In this case, it wasn’t even that Nest had an insecure device, though that is often open to debate with Internet of Things devices. No, this was all about reusing passwords.
“The method used to spy on the Thomases is one of the oldest tricks on the Internet. Hackers essentially look for email addresses and passwords that have been dumped online after being stolen from one website or service and then check to see whether the same credentials work on another site. Like the vast majority of Internet users, the family used similar passwords on more than one account. While their Nest account had not been hacked, their password had essentially become public knowledge, thanks to countless other data breaches.
In recent years, this practice, which the security industry calls “credential stuffing”, has gotten incredibly easy. One factor is the sheer number of stolen passwords being dumped online publicly.
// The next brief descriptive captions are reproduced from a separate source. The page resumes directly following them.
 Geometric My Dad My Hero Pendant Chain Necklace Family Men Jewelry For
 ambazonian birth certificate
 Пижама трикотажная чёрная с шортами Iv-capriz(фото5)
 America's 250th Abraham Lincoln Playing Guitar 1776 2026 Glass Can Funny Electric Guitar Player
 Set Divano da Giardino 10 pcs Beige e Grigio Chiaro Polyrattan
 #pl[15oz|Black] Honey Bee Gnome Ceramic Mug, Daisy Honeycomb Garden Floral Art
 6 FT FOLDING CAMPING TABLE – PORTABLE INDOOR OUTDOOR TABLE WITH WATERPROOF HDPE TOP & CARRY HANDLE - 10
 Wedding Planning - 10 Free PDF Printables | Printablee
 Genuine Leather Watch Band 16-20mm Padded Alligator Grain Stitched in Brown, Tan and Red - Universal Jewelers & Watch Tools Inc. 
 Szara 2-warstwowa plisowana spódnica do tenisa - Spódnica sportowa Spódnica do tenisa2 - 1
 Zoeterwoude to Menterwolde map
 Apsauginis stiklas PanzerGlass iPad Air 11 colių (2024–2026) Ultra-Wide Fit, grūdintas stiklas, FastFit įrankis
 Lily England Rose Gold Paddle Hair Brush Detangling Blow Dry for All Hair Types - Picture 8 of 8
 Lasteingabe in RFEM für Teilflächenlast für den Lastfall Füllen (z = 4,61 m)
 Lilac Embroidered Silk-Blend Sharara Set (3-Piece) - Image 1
It’s difficult to find someone who hasn’t been victimized.
A new breed of credential-stuffing software programs allows people with little to no computer skills to check the log-in credentials of millions of users against hundreds of websites and online services such as Netflix and Spotify in a matter of minutes.”
So how do you avoid this? First, just go ahead and assume that some website that you use has been breached and your username and password for that site is out there somewhere.
Once you assume that, of course, it now seems silly to use the same one on multiple sites, no? So don’t do that.
But, how will you remember all those different passwords?
That’s what password managers are for. Use one. Have it remember the passwords for you. When you hear of a site being breached, change that password, and relax in the comfort of knowing that that password won’t work anywhere else.